[TASK MATERIAL Boundary: Start]
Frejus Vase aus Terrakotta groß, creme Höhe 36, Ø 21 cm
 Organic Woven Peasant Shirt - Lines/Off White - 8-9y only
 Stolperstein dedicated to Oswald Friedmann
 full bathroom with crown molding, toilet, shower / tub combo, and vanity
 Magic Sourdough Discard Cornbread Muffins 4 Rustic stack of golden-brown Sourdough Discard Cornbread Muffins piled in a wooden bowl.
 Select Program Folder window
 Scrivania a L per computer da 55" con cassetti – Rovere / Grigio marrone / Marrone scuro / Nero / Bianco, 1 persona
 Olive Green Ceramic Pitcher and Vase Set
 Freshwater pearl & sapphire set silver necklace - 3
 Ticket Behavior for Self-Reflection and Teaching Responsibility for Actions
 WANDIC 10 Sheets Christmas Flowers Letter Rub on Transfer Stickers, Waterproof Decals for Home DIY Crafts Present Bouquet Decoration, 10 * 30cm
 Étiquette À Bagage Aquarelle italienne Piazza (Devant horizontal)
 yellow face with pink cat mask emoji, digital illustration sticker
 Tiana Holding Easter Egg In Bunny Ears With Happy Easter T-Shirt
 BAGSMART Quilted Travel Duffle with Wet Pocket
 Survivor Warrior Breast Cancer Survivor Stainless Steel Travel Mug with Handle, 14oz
[TASK MATERIAL Boundary: End]
# TASK TO COMPLETE
Transcribe all entries exactly as they appear above.

# ANSWER TO THE PROBLEM
Frejus Vase aus Terrakotta groß, creme Höhe 36, Ø 21 cm
 Organic Woven Peasant Shirt - Lines/Off White - 8-9y only
 Stolperstein dedicated to Oswald Friedmann
 full bathroom with crown molding, toilet, shower / tub combo, and vanity
 Magic Sourdough Discard Cornbread Muffins 4 Rustic stack of golden-brown Sourdough Discard Cornbread Muffins piled in a wooden bowl.
 Select Program Folder window
 Scrivania a L per computer da 55" con cassetti – Rovere / Grigio marrone / Marrone scuro / Nero / Bianco, 1 persona
 Olive Green Ceramic Pitcher and Vase Set
 Freshwater pearl & sapphire set silver necklace - 3
 Ticket Behavior for Self-Reflection and Teaching Responsibility for Actions
 WANDIC 10 Sheets Christmas Flowers Letter Rub on Transfer Stickers, Waterproof Decals for Home DIY Crafts Present Bouquet Decoration, 10 * 30cm
 Étiquette À Bagage Aquarelle italienne Piazza (Devant horizontal)
 yellow face with pink cat mask emoji, digital illustration sticker
 Tiana Holding Easter Egg In Bunny Ears With Happy Easter T-Shirt
 BAGSMART Quilted Travel Duffle with Wet Pocket
 Survivor Warrior Breast Cancer Survivor Stainless Steel Travel Mug with Handle, 14oz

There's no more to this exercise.